The automobile has provided a backbone for modern life almost as long as movie theatres gave drivers a destination. Perhaps that’s why vehicles and movies feel so intrinsically linked:
Cars are a conveyance for the body, movies are one for the imagination. Moreover, movies have repeatedly showcased the possibilities of what man can do in cars - first, to build and perfect them, and later, to push them to unimaginable feats of speed, strength and endurance. Or, if nothing else, movies taught us to appreciate and even fetishize their design and power; as a prop or plot device, audiences learned to associate specific vehicles with both tangible and metaphorical goals to attain, representing freedom or opportunity just as much as beauty, wealth or status.

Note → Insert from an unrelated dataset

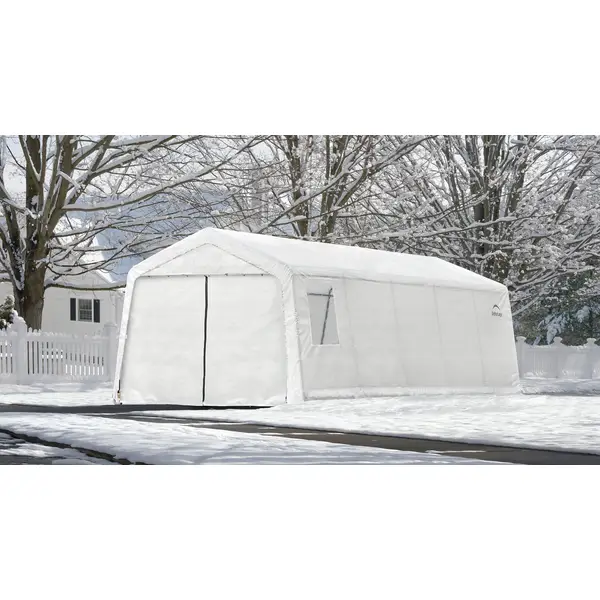 ShelterLogic 11' x 20' x 8' Northern Shelter Peak with Curtain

As a result, choosing the best or even quintessential Car Movies is a challenging task. Not just individual films but entire franchises revolve around the cars and trucks characters pilot - in races, in chases, pursuits and escapes, as prizes to be won and locations where drama unfolds. Cars engineered for one scene or sequence evolved into the singular reason to watch that movie, years or even decades later. Advancing technology--and increasingly fearless drivers--rendered early trailblazers obsolete with stunts that thrill the pulse and eclipse expectations. Nevertheless, the choices listed below highlight more than a century of cars on screen, some for the ones that appear on screen and some for what people do when they sit in the driver’s seat, but all celebrating the marriage of movies and motor vehicles.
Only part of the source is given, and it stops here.